An Ode to Apeejay

For some reason, I feel extremely reminiscent today. What with my recent decision to always think in the narrative made on a trip to Vaishno Devi, I guess this post had to come sooner or later (given the number of buses I travel in every day), although the topic that I write about today came as a surprise even to myself.

It’s been about two years since I collected my passing certificate from My School, and in those two years, I have visited that most hallowed of places only once. It wasn’t so much that I didn’t want to visit it, but there always was something that kept me from going back. If I have to put a name to it, I would say it’s an insecurity that I’ve had ever since I passed out. School always, and especially in my last two years, was a place where I went to have fun, meet my friends, roam about aimlessly in the middle of Chemistry or English class with one classmate or several. It was a time when I was both an extreme recluse and part of the most active friend circles at the same time, valuing both these traits as not just habits, but as leashes of existence that I held onto, afraid of losing what I thought I actually was (something I don’t think I have a clue to as of now either). It was a time of uninhibited joy when I was around my buddies, playing footsie beneath the benches, making fun of our Physics teacher, arguing with the Math one, and generally laughing around with the English and Computer Science ones. Even in the evenings I didn’t let go of my quarter-home, and conversations over the phone continued for hours, things like parents discovering a relationship, cutting school to go watch a movie, helping someone get over a break-up (they HAD to be bad, there was just no other way), settling arguments between friends about a bad word he might have said to her when angry, and everything about people else that I find innocent and hold dear in life.

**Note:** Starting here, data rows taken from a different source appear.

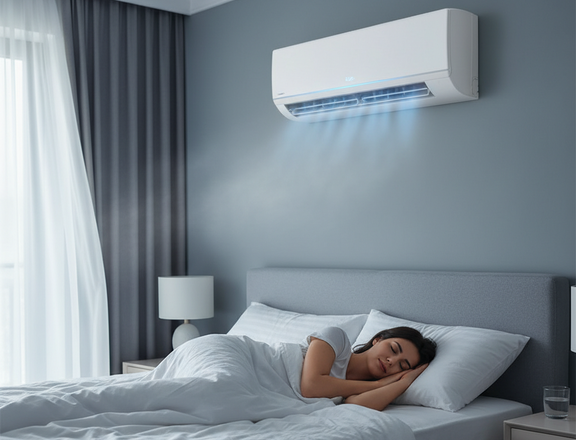 Đêm nào bạn cũng ngủ bật máy lạnh: Điều gì xảy ra với cơ thể? - Ảnh 1.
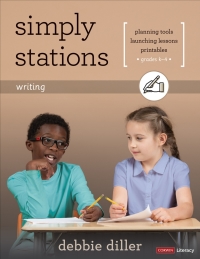 Imagen de portada: Simply Stations: Writing, Grades K-4 1st edition 9781544395005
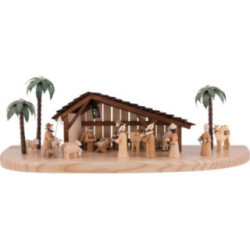 Nativity Set - Electrical 220 V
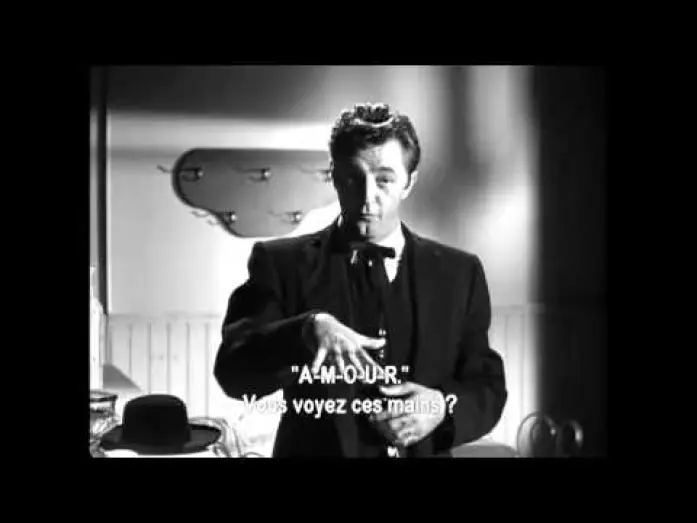 Wideo do filmu Noc myśliwego — LA NUIT DU CHASSEUR - Bande Annonce
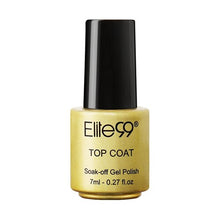 Load image into Gallery viewer, Elite99 New Supply Nail Art 7ml Bling Pure color Supper Diamond Shining Glitter Sequin Starry Platinum Paint Gel
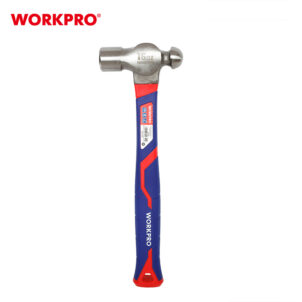 BALL PEIN HAMMER WITH FIBERGLASS HANDLE 675G (24OZ) WORKPRO
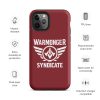 WMS Rugged Case | iPhone® | Brand | U.S. Marine Corps/ White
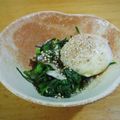 coyoyoc's cooksnap of when they made ニラの温泉卵のせ.
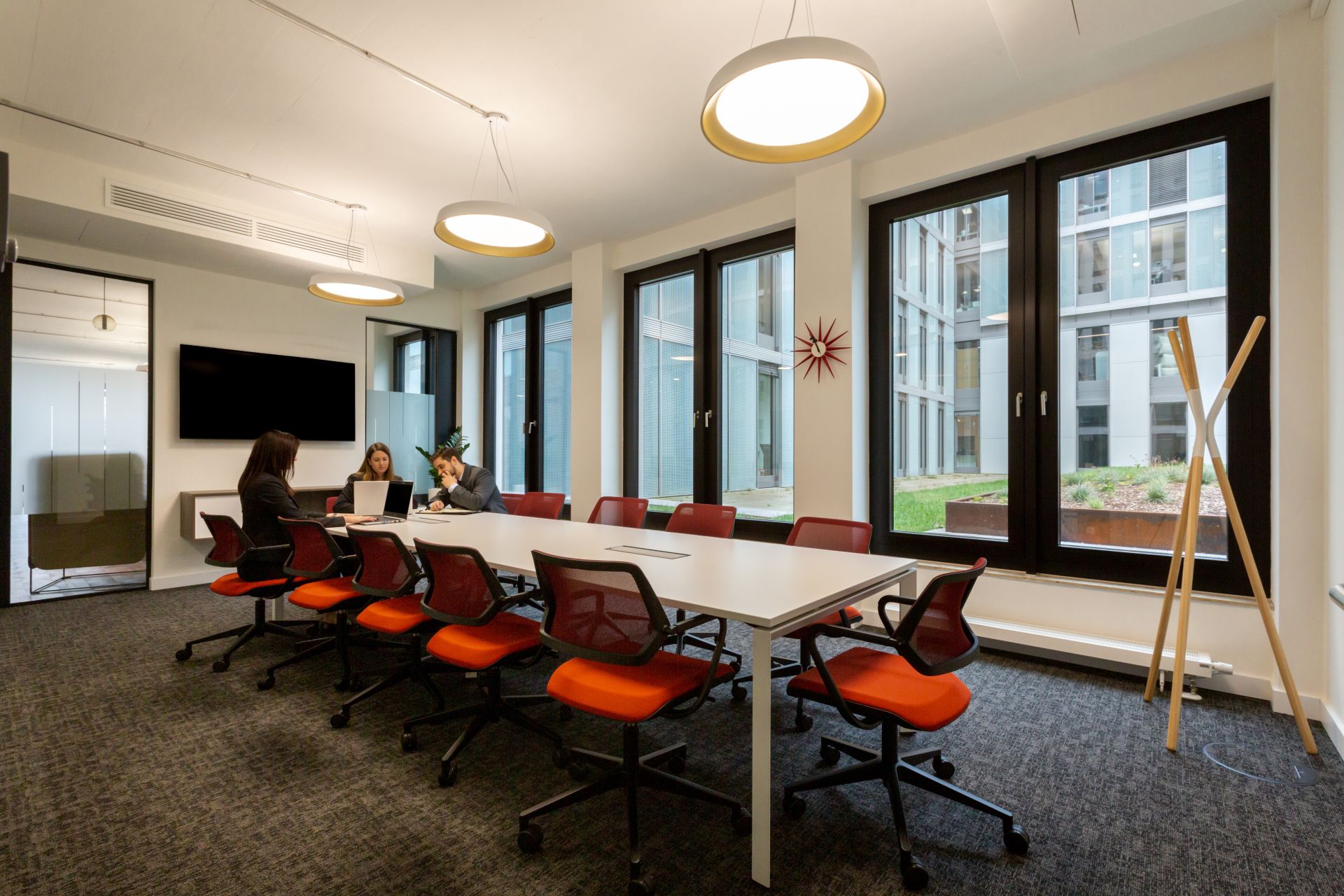 Regus - München, Moosacher Straße image 2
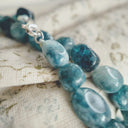 The Azure Zephyr Tourmaline Necklace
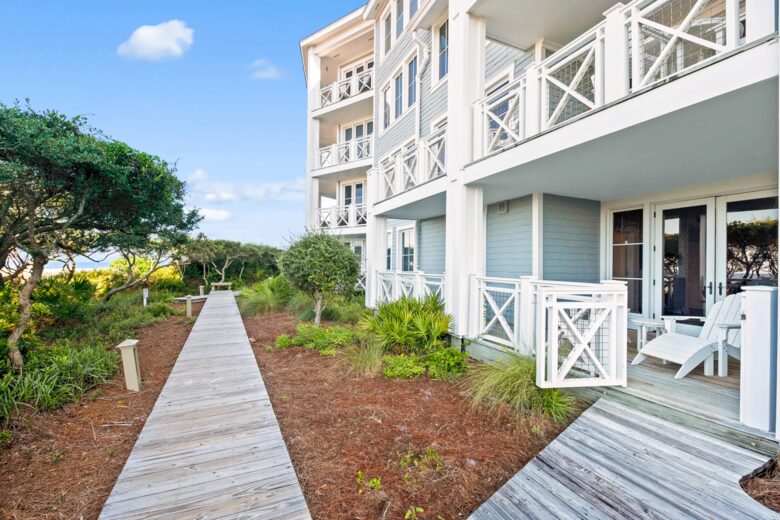 WaterSound Crossings A-104 - 429 Bridge Lane - WaterSound, Florida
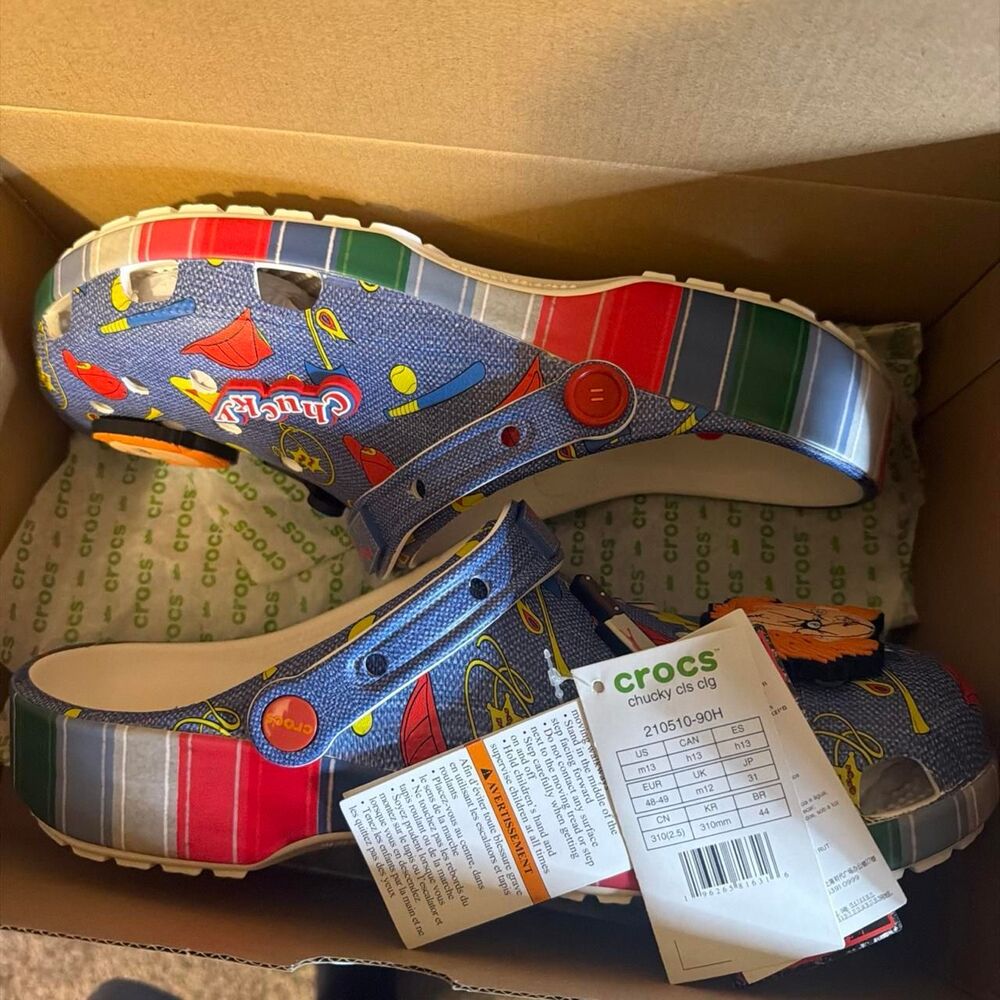 Crocs Men's multi Clogs - Picture 4 of 4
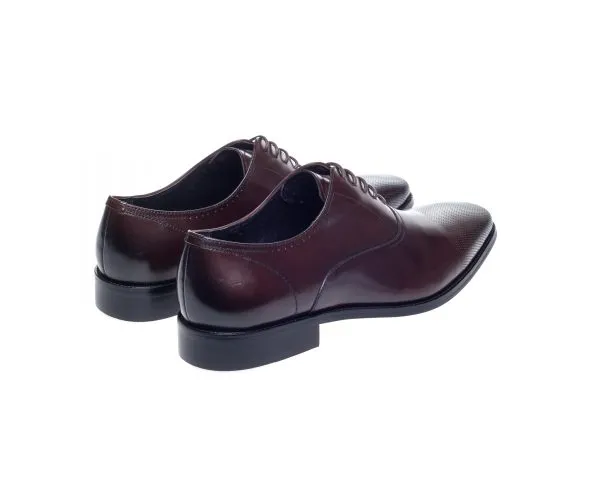 Bay Brown Capped Oxfords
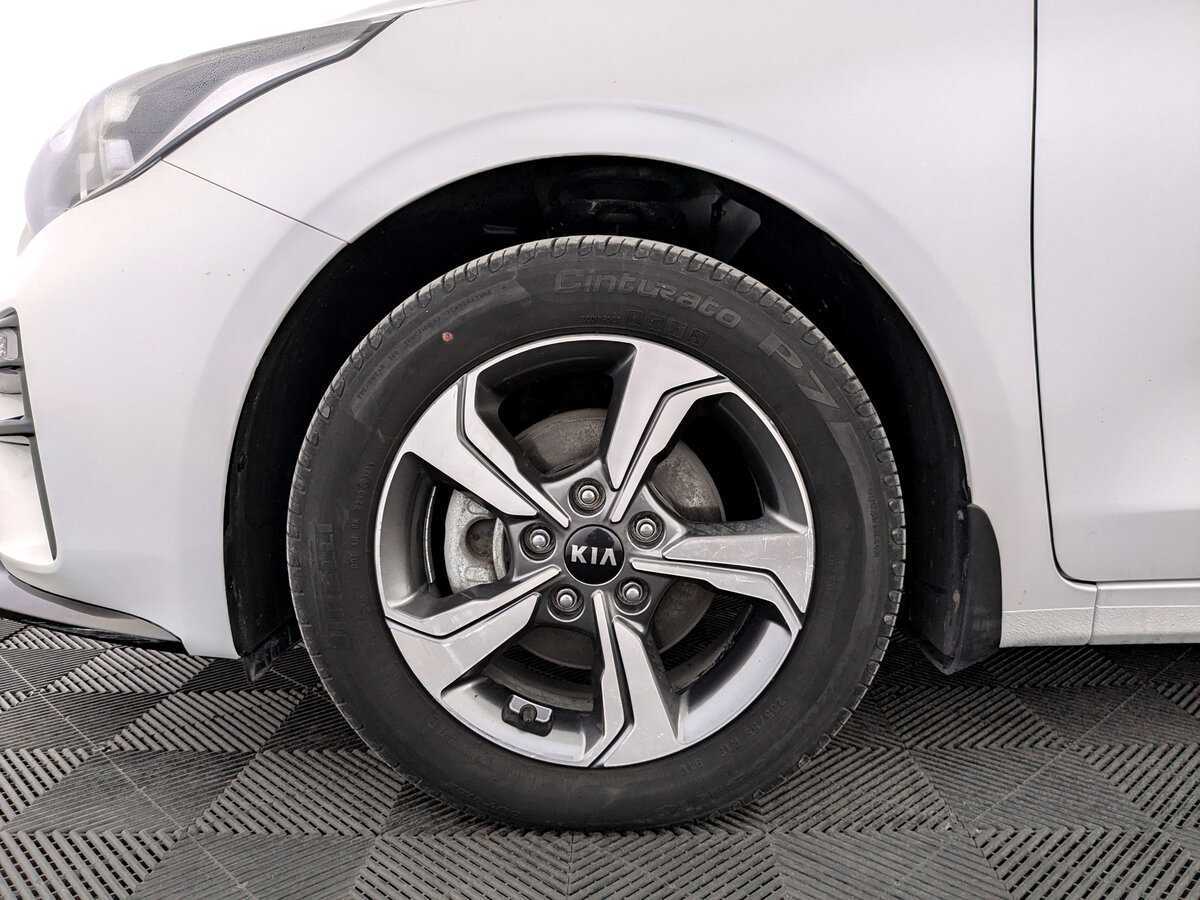 Б/У Киа Церато 2021 года. Фото: #17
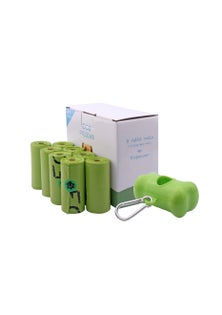 120 Biodegradable Poop Bags with Dispenser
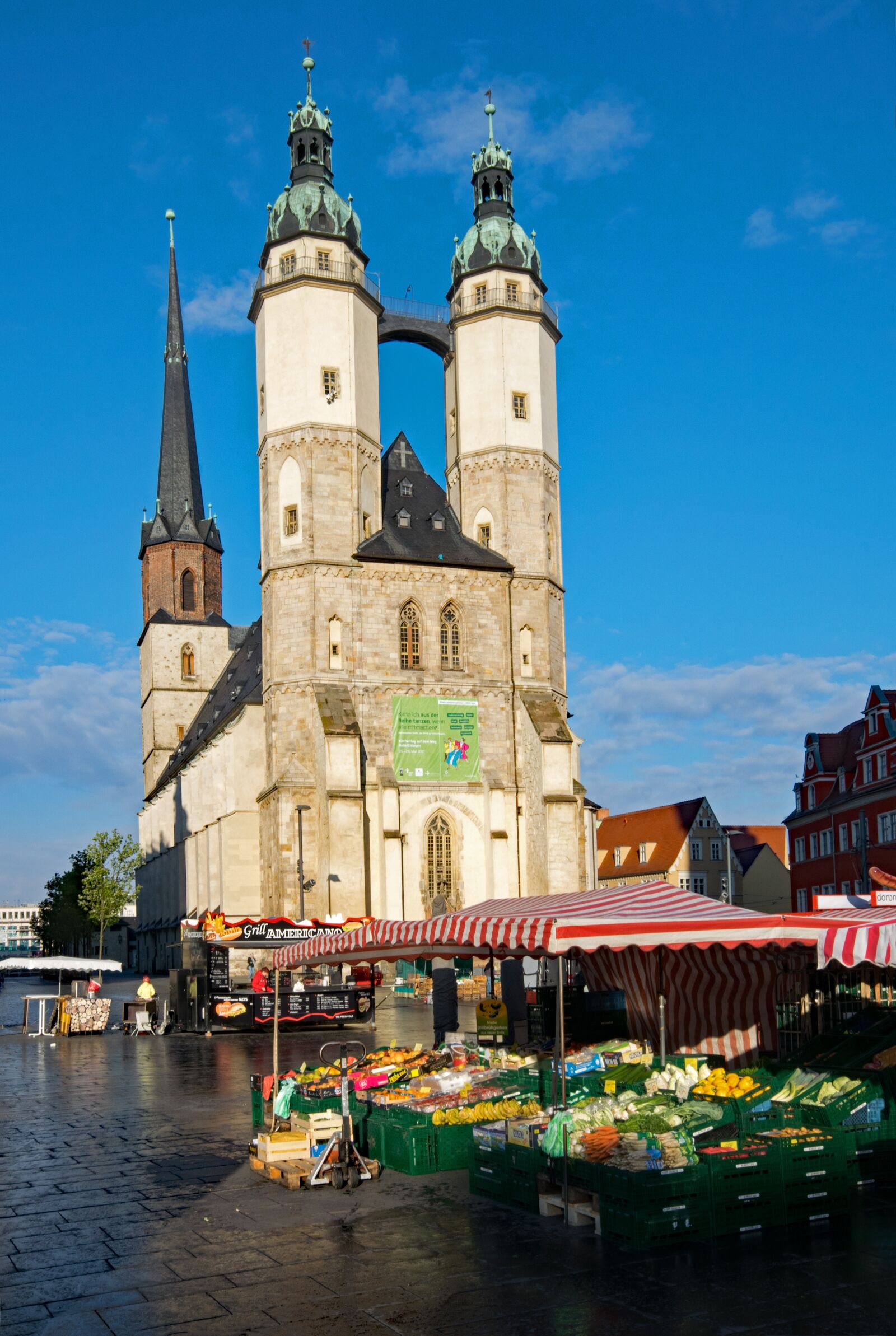 Nikon D5300 sample photo. Hall, saale, saxony-anhalt photography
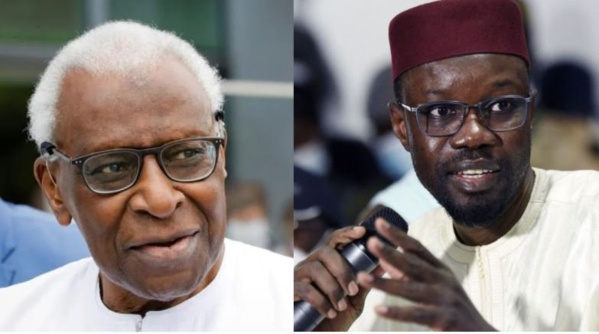 Sonko sur le décès de Lamine Diack : «Nous avions convenu, il y a deux mois, d’une entrevue» Sonko sur le décès de Lamine Diack : «Nous avions convenu, il y a deux mois, d’une entrevue»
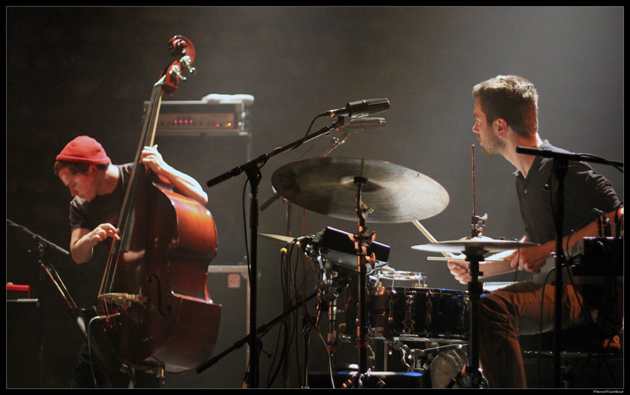 Portico Quartet - Live at Café de la Danse - 06/02/12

So now, every time I sense that familiar feeling of a hook being attached to my heart and pulling me towards those familiar corridors, there is a heavier dead weight attached somewhere near my right ventricle that tells me it is all over, that those classrooms are inhabited by new people, many of whom I haven’t even seen or heard of before; that cleaning over the summer term has wiped away my pen marks on the glass window of class XI A forever; that the several notebooks that I filled with my writings, sitting alone on the last bench, and which now lie in my room were all for nothing as the person I wrote them to is too far away; that there shall never be another group walking out of class XII to sit in the library in collective protest of Mr. Kataria’s assignments because even he has moved on; that the scribble shirts that we wore on our last day were in fact the last memorabilia that we shall ever have to remind us of the 14 years that our parents kept telling us matter the most in life. That even though we may meet again, it is never going to be the same camaraderie we once shared on those sacred staircases, feeling like the Golden Gods of our establishment in our blue-and-grey.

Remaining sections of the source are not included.